確かに誰もが表現してもいいしできることだとはいえ、やはり水準というものはあるので、そこには精神分析でいう「去勢」は必要だろう、たとえば、柄谷行人にとってはアメリカでのポール・ド・マンからのVサインの合図が知的水準の「承認」だったろう。ネット上の「いいね」レベルの「承認」を「去勢」していく必要性もあるだろう、というような発言。

 

私も、「去勢」の必要性を認める。とくには子育てにおいて、母子密着的な母親の暴走には、父親の(第三者でもいいのかは、また別問題として――)介入はあったほうがいいと経験する。

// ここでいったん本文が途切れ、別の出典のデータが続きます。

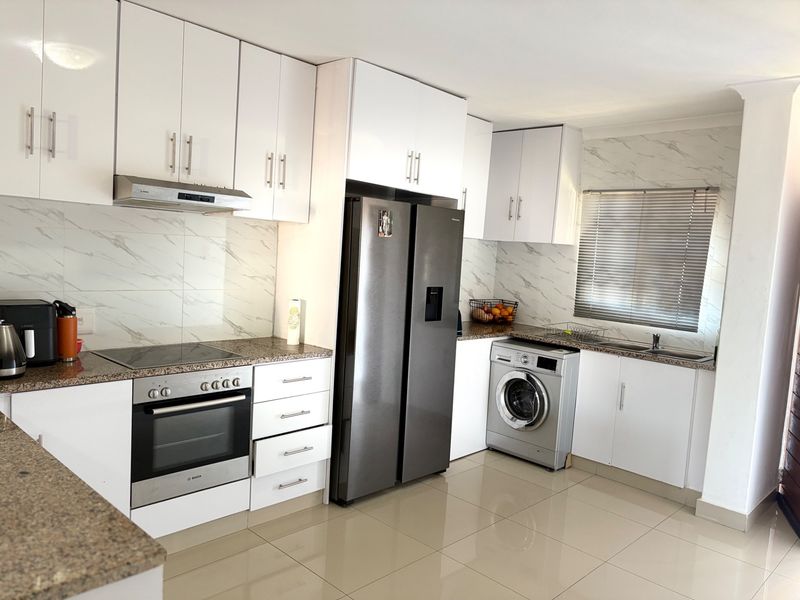 Modern kitchen featuring white cabinetry, granite countertops, marble-look backsplash, integrated appliances, and tiled flooring.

しかし少年サッカークラブでの、パパコーチ体験の知見からすると、いまはほとんどの「夫」は黙っている。以前、昭和年代は、むしろ妻(母)が黙っていた傾向が強かったと印象受ける。司馬遼太郎が、昭和は日本ではないというように、軍事的緊張の中で、父権的地勢が強まり、その軍隊教育を受けた一般の庶民の間で、戦後、会社や部活、家庭の中に広まっていったのだろうと思う。が、やはり日本の地は、双系的なものなので、より平時がつづくと、母(妻)の力が回復されてくるのだろう。インテリ上層階級では、父権的な家庭雰囲気が残っているだろう。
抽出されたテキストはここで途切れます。